## [Exercise inputs]
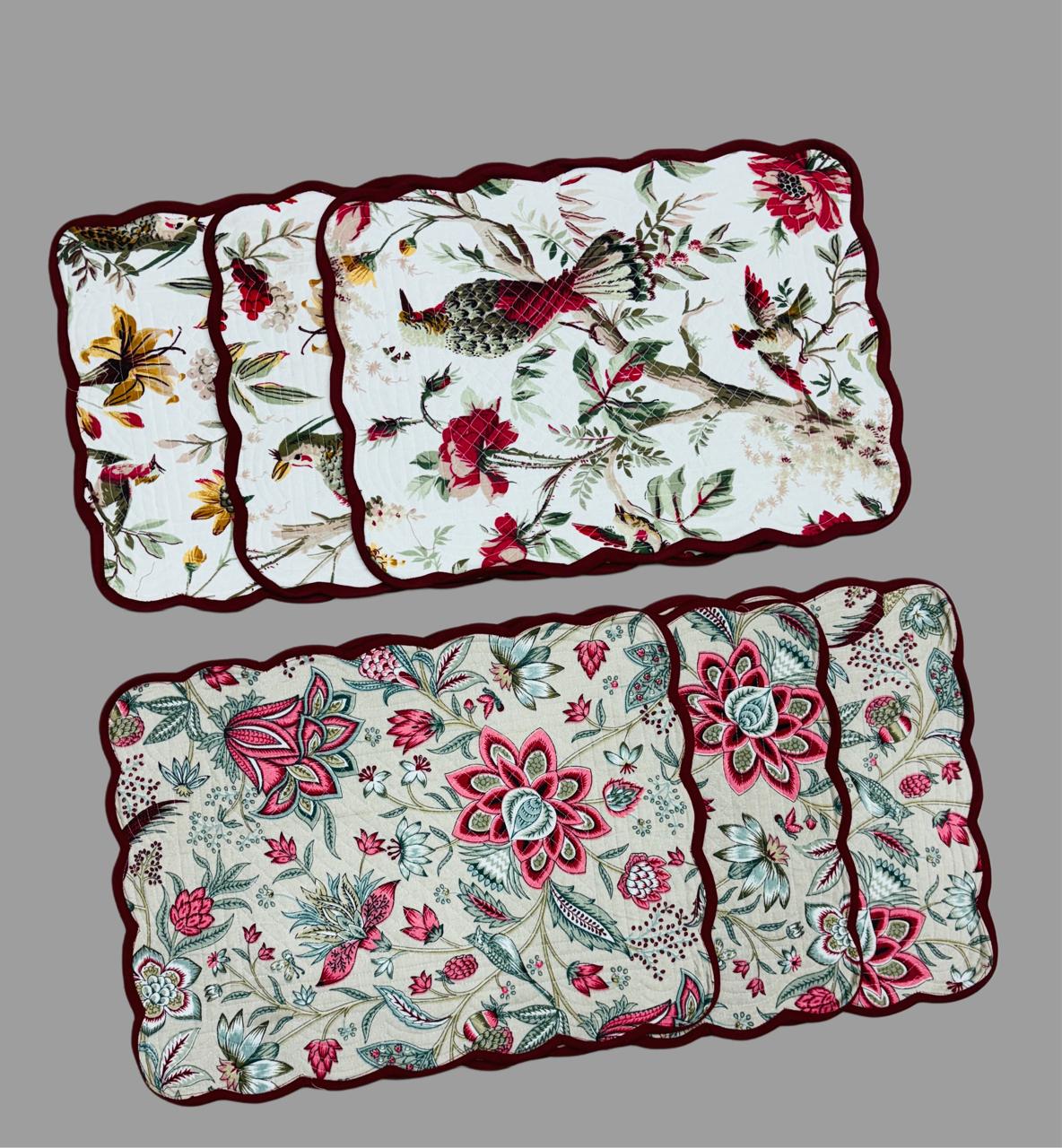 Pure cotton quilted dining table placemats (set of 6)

==

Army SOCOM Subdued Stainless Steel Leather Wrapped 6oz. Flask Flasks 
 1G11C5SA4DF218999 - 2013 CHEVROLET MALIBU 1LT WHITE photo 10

==

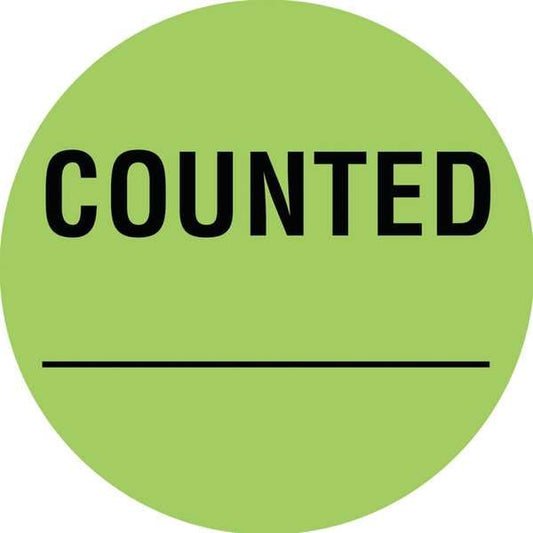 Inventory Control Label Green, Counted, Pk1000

## [What you need to do]
In the data above, which lines lie between the line with "Army SOCOM Subdued" and the line with "1G11C5SA4DF218999 - 2013", inclusive? Print those lines exactly and nothing else.

## [Result for this task]
Army SOCOM Subdued Stainless Steel Leather Wrapped 6oz. Flask Flasks 
 1G11C5SA4DF218999 - 2013 CHEVROLET MALIBU 1LT WHITE photo 10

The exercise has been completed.